Then, there are the issues of depression, low self-esteem and poor body image. This is not the stuff we share with everyone. The center of the bullseye mentioned previously is also a circle of trust. The center is the smallest and the area in which I trust the most. It may only have 1 or 2 or 3 people in it. These are the people with whom I may share my sadness, anxiety, panic and poor self–image. These are also the people that I make sure I apologize to and explain my reasons, if I’ve had to cancel an engagement, or been short tempered. Of course, the people we want to understand may not ask. This leads me to our second area, how to ask for what we need.
Asking for What We Need
Asking for what we need can be complicated by our own discomfort in doing so, our changing needs and our audience’s motivation level. In general, most people do need to feel useful, necessary and competent. Thus, you may have others in your life who truly want to help. Most of them will ask, “What can I do?” There is nothing wrong in accepting help from others; it does not mean we are weak or incapable. If someone offers help, graciously accept it. Others will not ask how they can help.
If I can clearly tell someone what I need and how they can meet that need, this is step one. I may say, “I am too tired to do that load of laundry. Do you mind putting the clothes in? Or, “I am too tired to make dinner, will you do so?” Or simply, “I’ve had a bad day and I need a hug.”

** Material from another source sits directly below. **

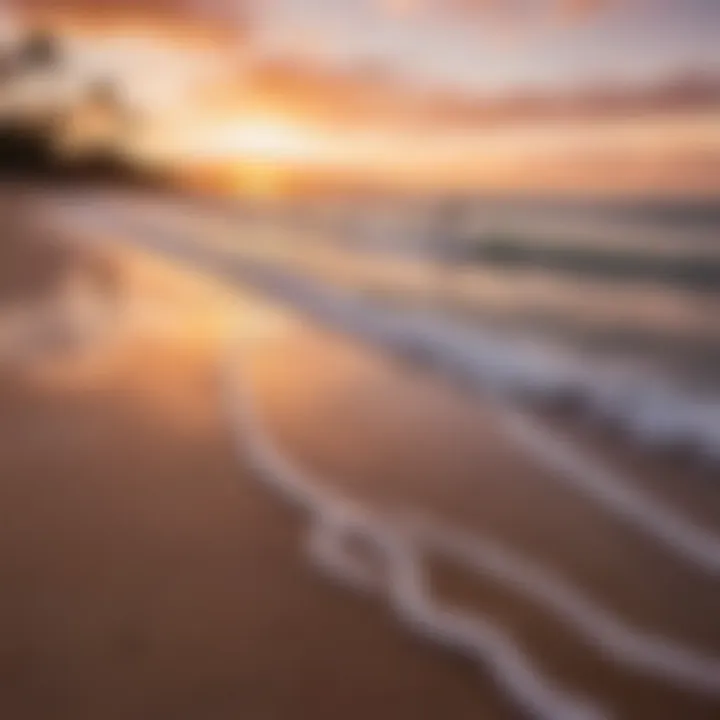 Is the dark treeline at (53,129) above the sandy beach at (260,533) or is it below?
above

Crucial to asking, is communicating appreciation. People need to know they make a difference. “Thank you for doing the laundry”, “thank you for making dinner without my asking” and “thank you for calling just to check in.” During times when we are not sure what we feel or need, I recommend journaling to clarify our own feelings and needs so that we can better ask for what we need. A journal doesn’t judge, doesn’t talk back and doesn’t ask for clarification.
Don Miguel Ruiz in his book, The Four Agreements states that the first agreement is to Be Impeccable with Your Word, “to use your energy in the direction of truth and love for yourself.” An example of this may be stating, “I am doing the best I can today”, rather than “I’m so fat (or lazy or negative)”. Learning to talk to ourselves gently uses our energy in the direction of truth and love. We may even choose to pass on that thought to others when asking for what we need: “I am doing the best I can today and I just can’t do anything more, could you help me?”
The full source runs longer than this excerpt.